#### [INSTRUCTIONS FOR THE TASK]
Starting with the line that holds "Certified 2023 Porsche" and stopping after the line that holds "Hollywood Heavyweights Rally", repeat the lines below word for word, without the pictures.

#### [TASK MATERIAL]
# # #
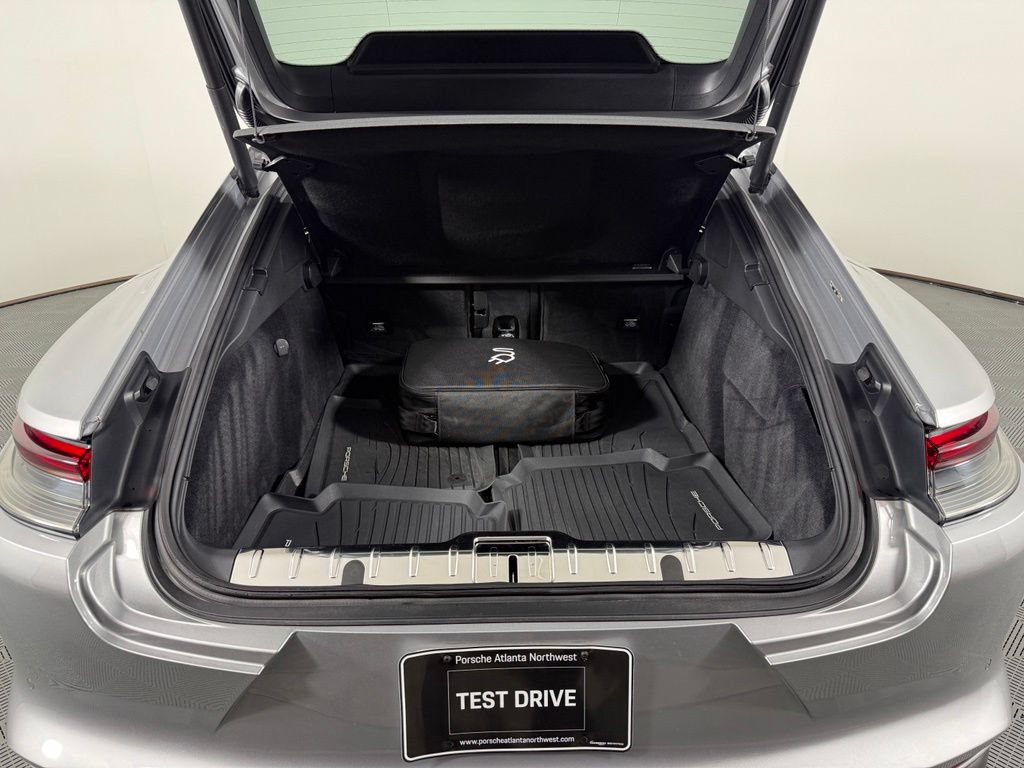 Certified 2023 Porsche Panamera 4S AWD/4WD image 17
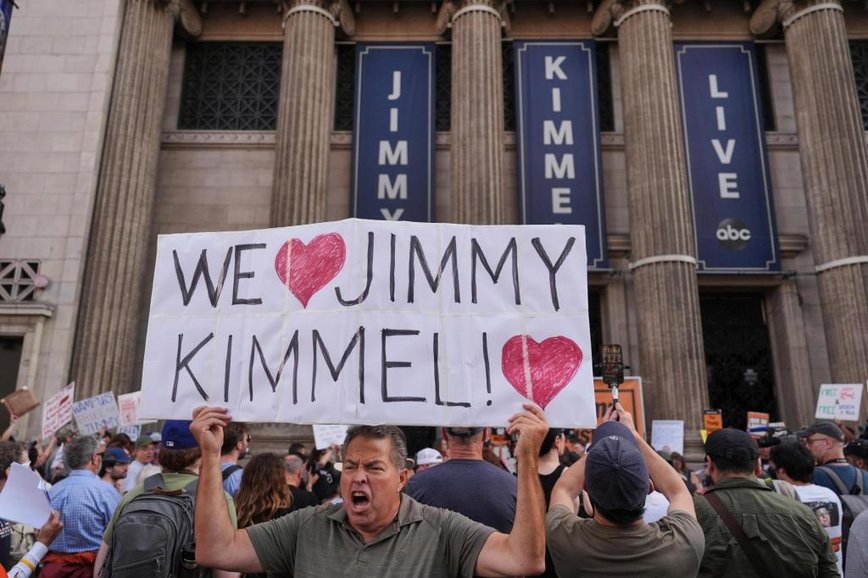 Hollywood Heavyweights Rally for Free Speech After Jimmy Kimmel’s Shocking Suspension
# # #
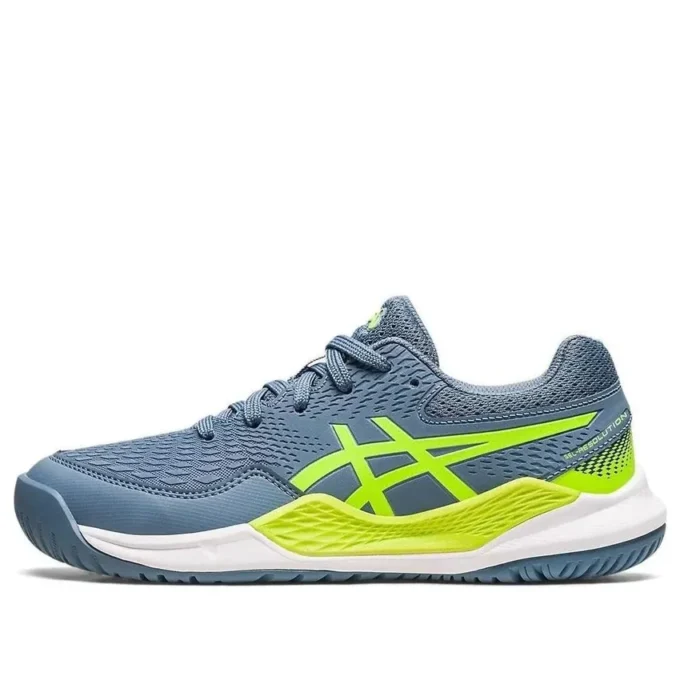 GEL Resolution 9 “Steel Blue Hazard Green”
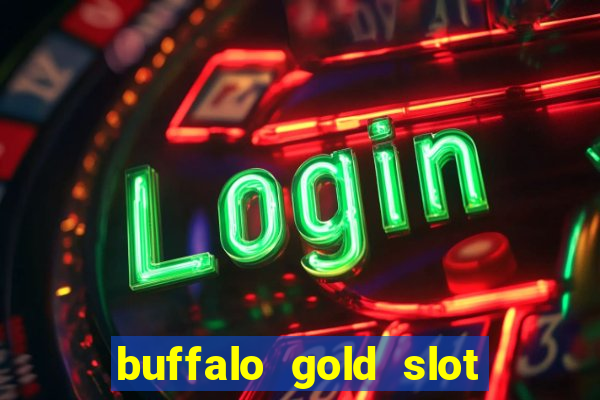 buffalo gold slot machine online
# # #
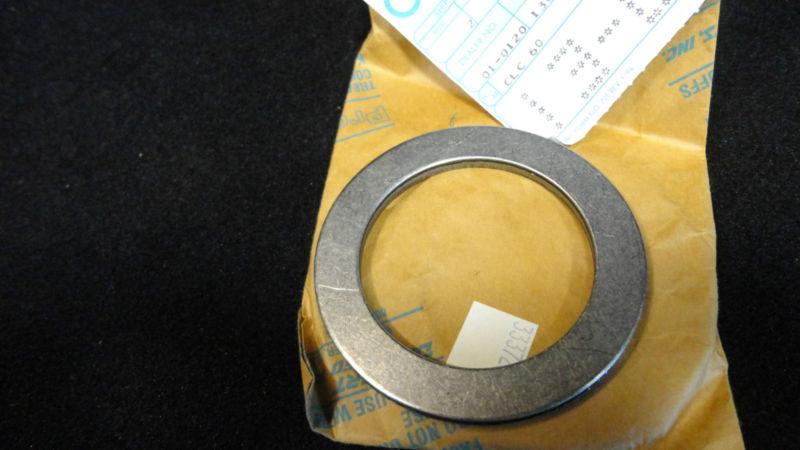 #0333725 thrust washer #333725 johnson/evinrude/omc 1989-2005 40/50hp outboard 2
# # #
#### [EXERCISE SOLUTION]
 Certified 2023 Porsche Panamera 4S AWD/4WD image 17
 Hollywood Heavyweights Rally for Free Speech After Jimmy Kimmel’s Shocking Suspension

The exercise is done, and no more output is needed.